At first this solution seems to make sense. What better place to monitor the expiration dates of certificates than the interface of the CA that is issuing them? It’s like a one stop shop for both certificates and management. But the challenge is that most organizations do not use only a single CA. So, they may end up with two or more one-stop shops. That alone creates a certain level of management complexity.
In fact, giving further thought to the question of CA management solutions, it does not seem to make all that much sense. Although those solutions may be certainly be able to provide alerts on expiration dates, they have certain other limitations in providing additional critical information about the certificate inventory, most notably where they are installed, how many times they have been copied, and who owns them. In my opinion, this is a critical flaw.
While they do provide a focused view of a limited certificate population, many external CA delivered platforms have difficulty providing management capabilities that span both internal and external CAs. As I mentioned above, this means that administrators will need to use multiple tools that may—or may not—provide the same mechanisms for alerting on certificates that are going to expire.
Most so-called certificate life cycle management solutions will have the basic capabilities to create, revoke and report on certificates, However, in a lot of cases they are lacking proper support for automated installation (provisioning) of certificates, especially on third-party devices such as TLS inspection systems or load balancers.
While onboarding, most companies are eager to help their new customers get going. Certificate authorities are no exception. But if the customer decides to migrate away from that CA, then that same level of eagerness and assistance is no longer available to them. This begs the question: once you decide to change CAs, what kind of migration services can you expect from a vendor locked-in solution?
Not surprisingly, you’ll find that built-in CA management systems will not be able to help you fine tune your CA usage. In other words, they will not allow administrators to move certificates from the one CA to another. This is a critical functionality in the case of a security event that requires immediate attention, such as a breach, a vulnerability or a CA distrust or error. For this level of engagement you’ll need to move beyond simple certificate management to a robust platform for machine identity management.

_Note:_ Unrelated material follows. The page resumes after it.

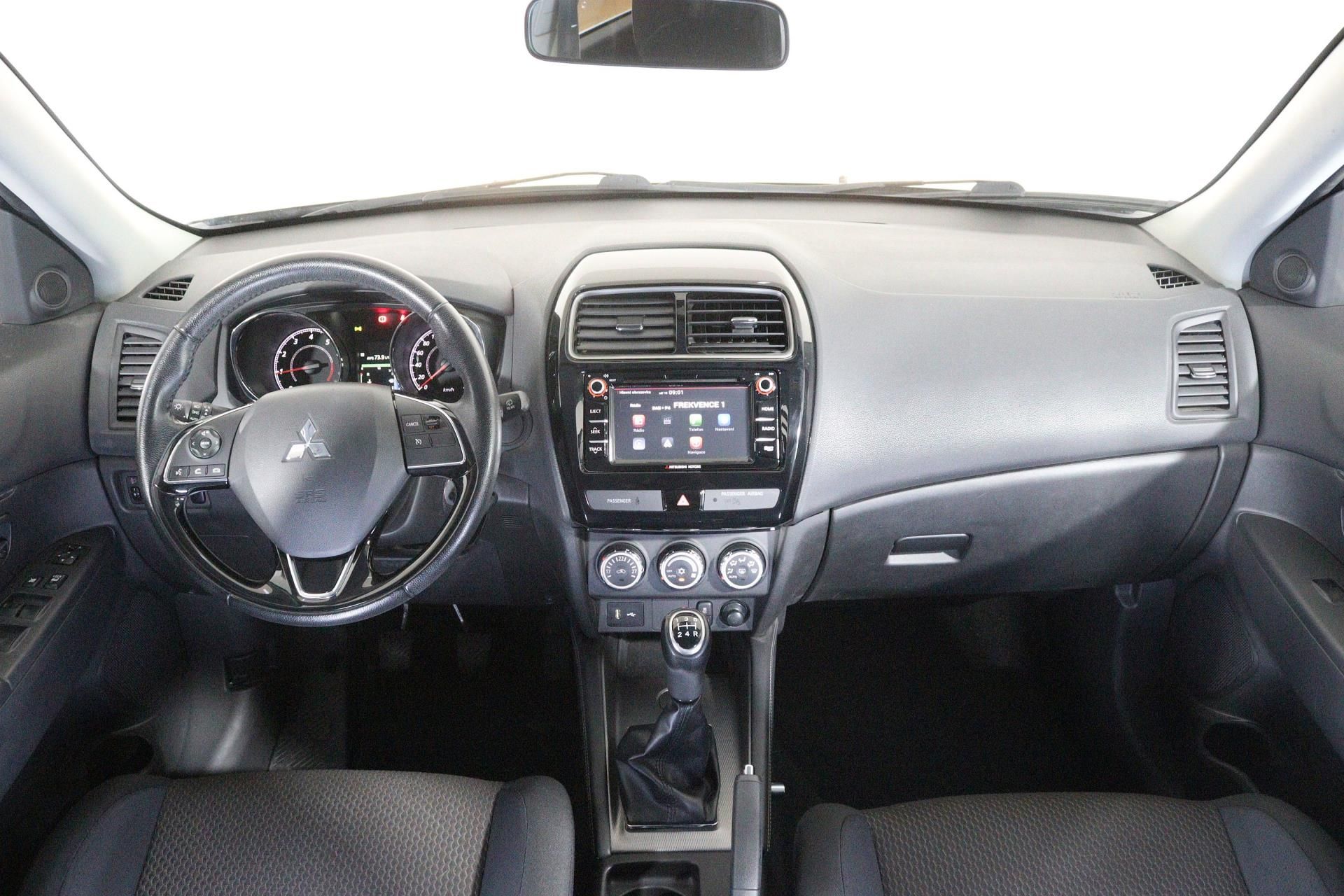 Mitsubishi ASX, 100 let 1,6 MIVEC 86 KW - fotka 5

After discussing certificate management strategies this many of my customers, they tend to agree that a solution provided by the CA vendor is not the best alternative. Without a doubt they provide certain functionality which is very useful and important. It’s just that CA management solutions are more limiting than you’d realize at first glance. For true certificate life cycle management, you’ll need to extend your strategy to manage and protect across the entire machine identity environment and ecosystem. For that you’ll need a CA-agnostic solution.